Młynarski Wiktor, McDermott Josh H
Department of Brain and Cognitive Sciences, MIT, Cambridge, MA
Neural Comput. 2018 Mar;30(3):631-669. doi: 10.1162/neco_a_01048. Epub 2017 Dec 8.
Interaction with the world requires an organism to transform sensory signals into representations in which behaviorally meaningful properties of the environment are made explicit. These representations are derived through cascades of neuronal processing stages in which neurons at each stage recode the output of preceding stages. Explanations of sensory coding may thus involve understanding how low-level patterns are combined into more complex structures. To gain insight into such midlevel representations for sound, we designed a hierarchical generative model of natural sounds that learns combinations of spectrotemporal features from natural stimulus statistics. In the first layer, the model forms a sparse convolutional code of spectrograms using a dictionary of learned spectrotemporal kernels. To generalize from specific kernel activation patterns, the second layer encodes patterns of time-varying magnitude of multiple first-layer coefficients. When trained on corpora of speech and environmental sounds, some second-layer units learned to group similar spectrotemporal features. Others instantiate opponency between distinct sets of features. Such groupings might be instantiated by neurons in the auditory cortex, providing a hypothesis for midlevel neuronal computation.
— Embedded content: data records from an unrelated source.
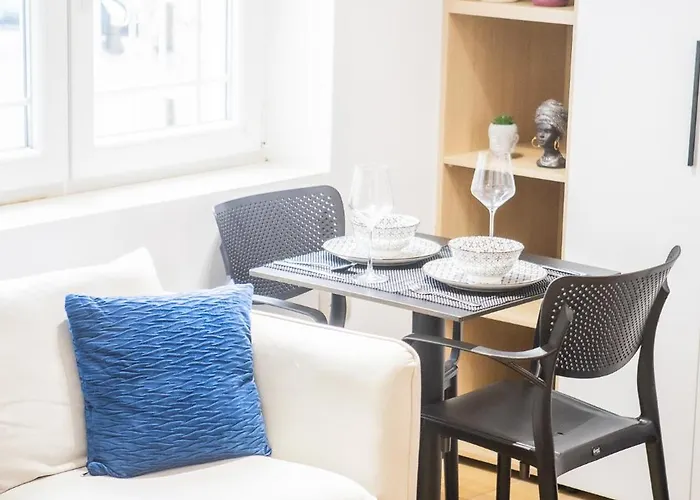 Matisse No17 - Center Tirana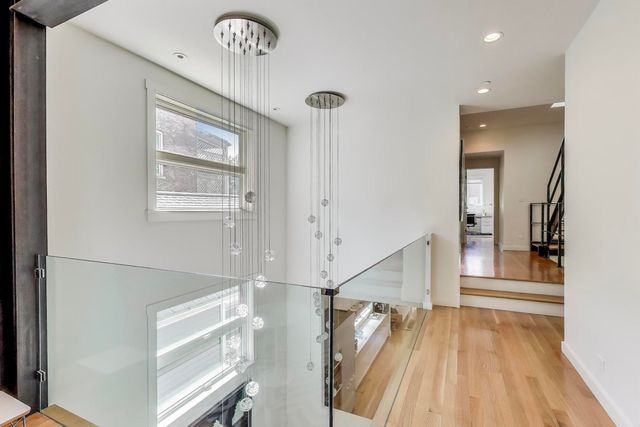 1475 W Superior Avenue 1, Chicago, IL 60647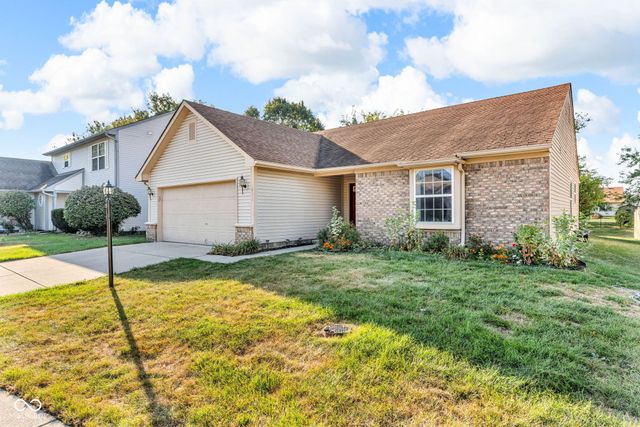 611 E Pine Ridge Drive, Westfield, IN 46074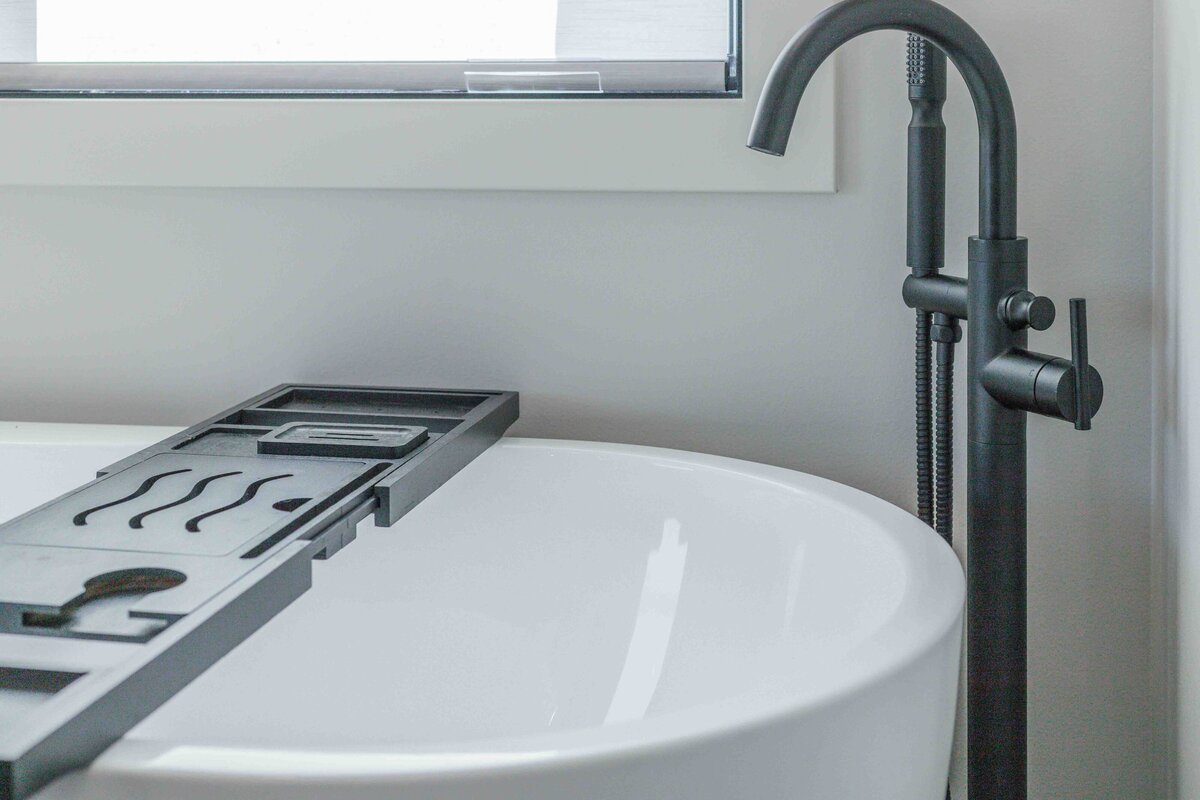 bathtub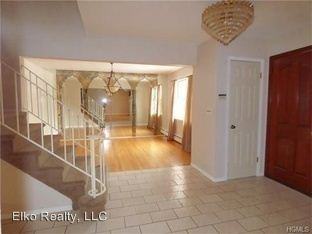 17 Quincy Ln - Photo 2 of 19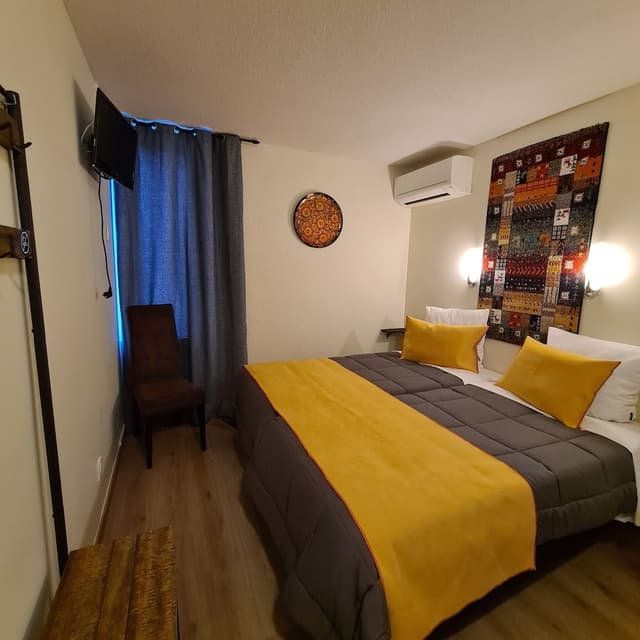 Classic Twin Room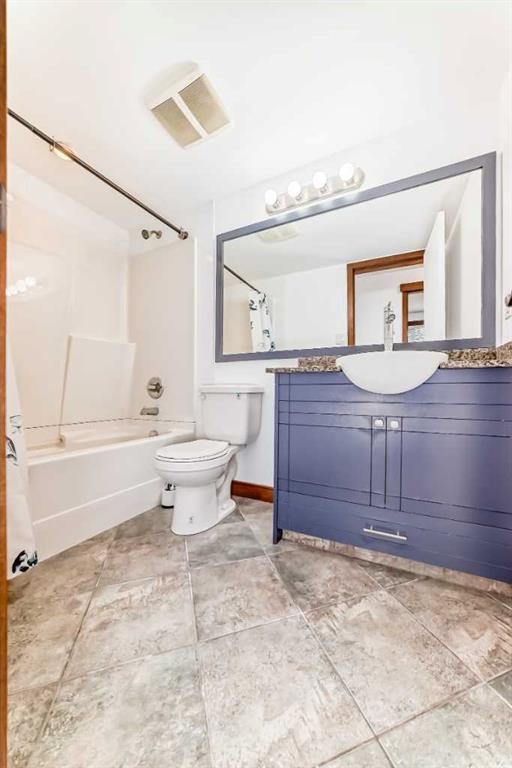 112-315 50 Avenue Sw, Calgary, AB - Indoor Photo Showing Bathroom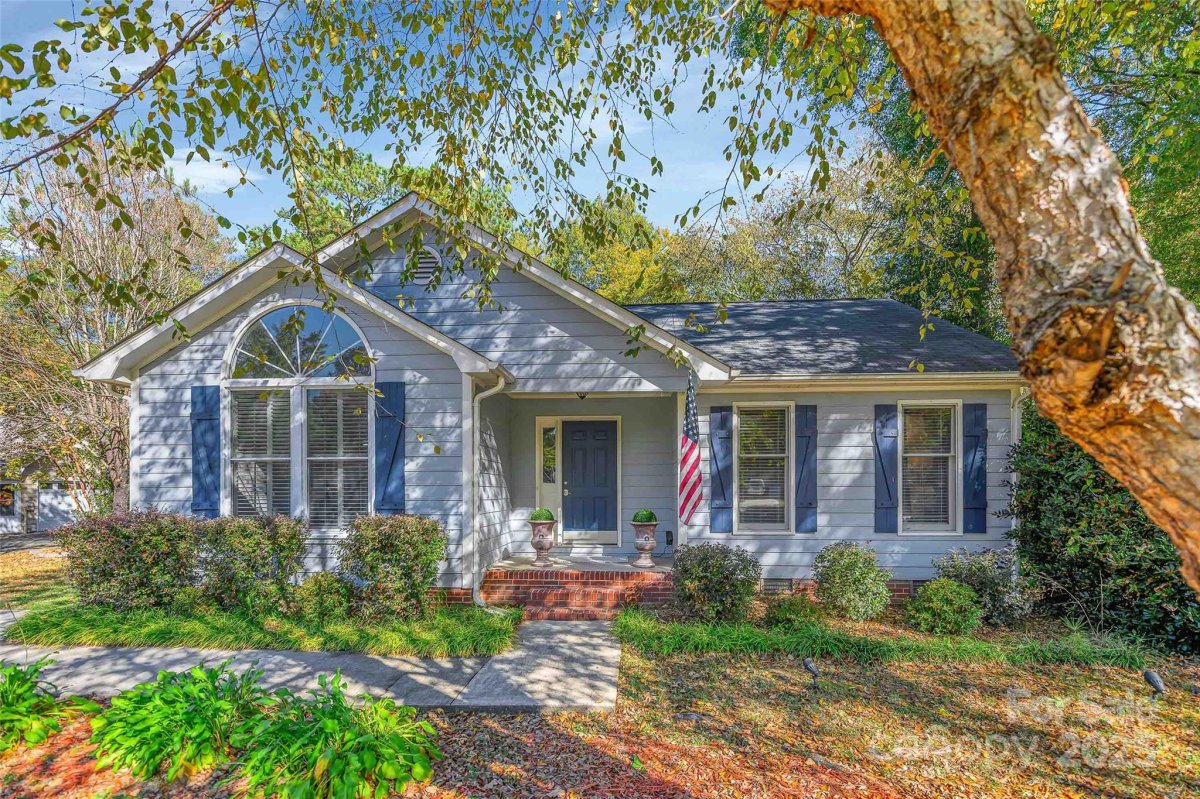 664 Tryon Place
与世界的互动要求生物体将感官信号转化为表征,在这些表征中,环境中具有行为意义的属性得以明确呈现。这些表征是通过神经元处理阶段的级联推导出来的,其中每个阶段的神经元都会对前一阶段的输出进行重新编码。因此,对感官编码的解释可能涉及理解低级模式是如何组合成更复杂的结构的。为了深入了解声音的这种中级表征,我们设计了一种自然声音的分层生成模型,该模型从自然刺激统计数据中学习频谱时间特征的组合。在第一层,模型使用一组学习到的频谱时间核构建频谱图的稀疏卷积码。为了从特定的核激活模式进行泛化,第二层对多个第一层系数的时变幅度模式进行编码。当在语音和环境声音语料库上进行训练时,一些第二层单元学会了对相似的频谱时间特征进行分组。其他单元则实例化了不同特征集之间的对立关系。这种分组可能由听觉皮层中的神经元实例化,为中级神经元计算提供了一个假设。